Suppose I take a billion images of all the coffee cups in the world, at a set of angles on the cup, and then build an associative (ie., frequency) statistical model of their pixels (ie., statistical AI). Consider generating one pixel at a time, in sequence, through the image. My associative model tells me P(col of next pixel | all previous).
Now, I can generate coffee cups images similar to any variation or combination of the images in the dataset. Now, you might say, "well you can only do that if you have a model of a coffee cup" (rather than of pixels) -- if so, just generate a coffee cup at one of the angles not in the dataset. This will not happen, because the model has not been provided with enough information to do so.
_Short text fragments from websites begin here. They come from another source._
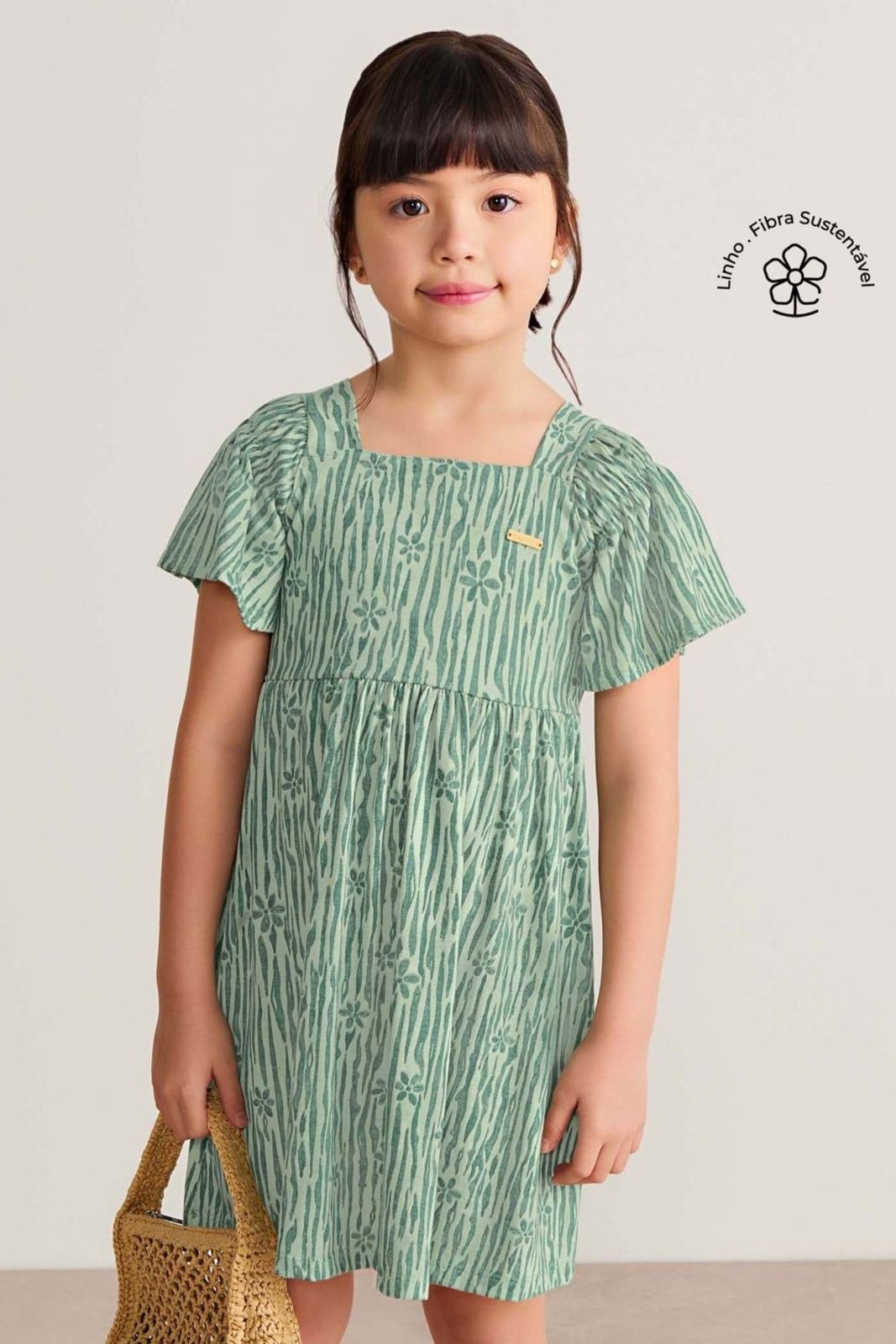 Infantil - Vestido Menina Malha Linho Flor Colorittá Verde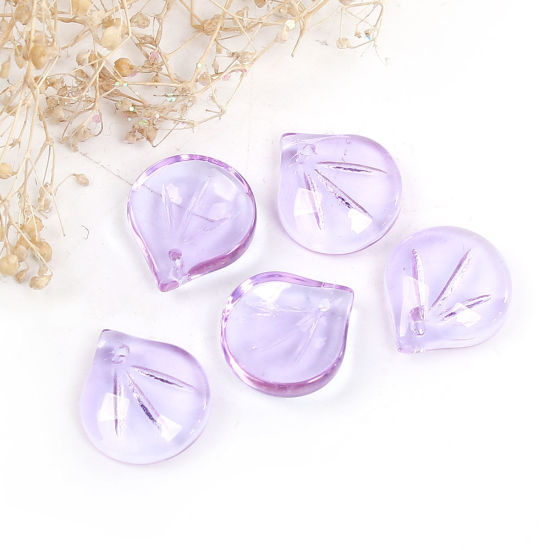 Image de Perles Tchèques en Verre Pétale de fleur Bleu Lac 15mm x 14mm, Taille de Trou: 1.2mm, 10 Pcs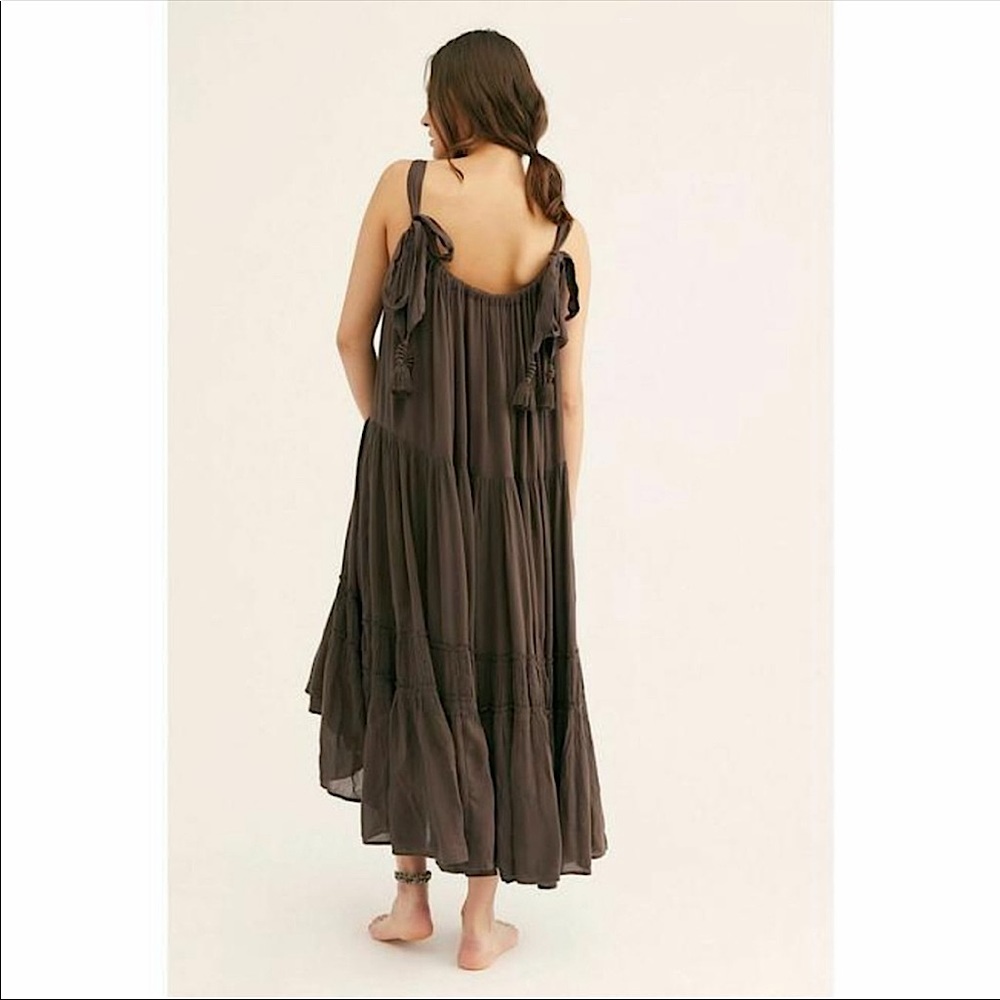 Free People Endless Summer Bare it All Maxi Dress in Chocolate Brown Size Small
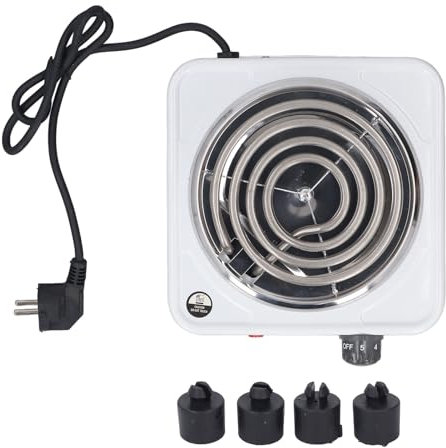 Quemador Individual Eléctrico de 1500 W, Placa Calefactora en Espiral única para Encimera, Diseño Conveniente, Compacto y Portátil, de bajo Consumo, para Cocinar en Acampadas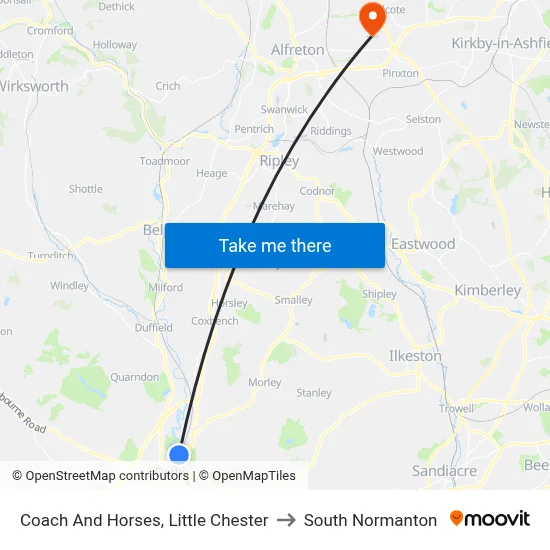 Coach And Horses, Little Chester to South Normanton map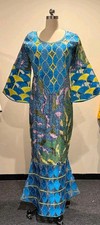 African Maxi Super Dress With Beautiful Beninese Embroidery Size M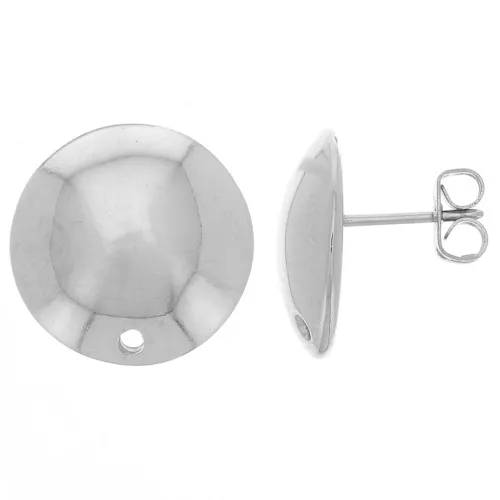 Orecchini a perno a mezza sfera 16 mm - Rodio x2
Namely, the model does not know the distance from the camera, the camera lens parameters, the angle to the coffee cup, etc. So there's literally a very very large inifinity of possible objects at unseen angles. Consider that underneath a coffee cup, the bottom might be missing entirely, etc.
Now it will appear to know all of these things, because its just generating images with these same parameters (camera, angle, distance, etc.). But as soon as you want "a coffee further away than has been seen before", or "a coffee using a macro lens", etc. the whole thing will fall over.
It is you, the view, who attributes 3D knowledge to the model because under ordinary circumstances the cause of a photo is features of a 3D environment.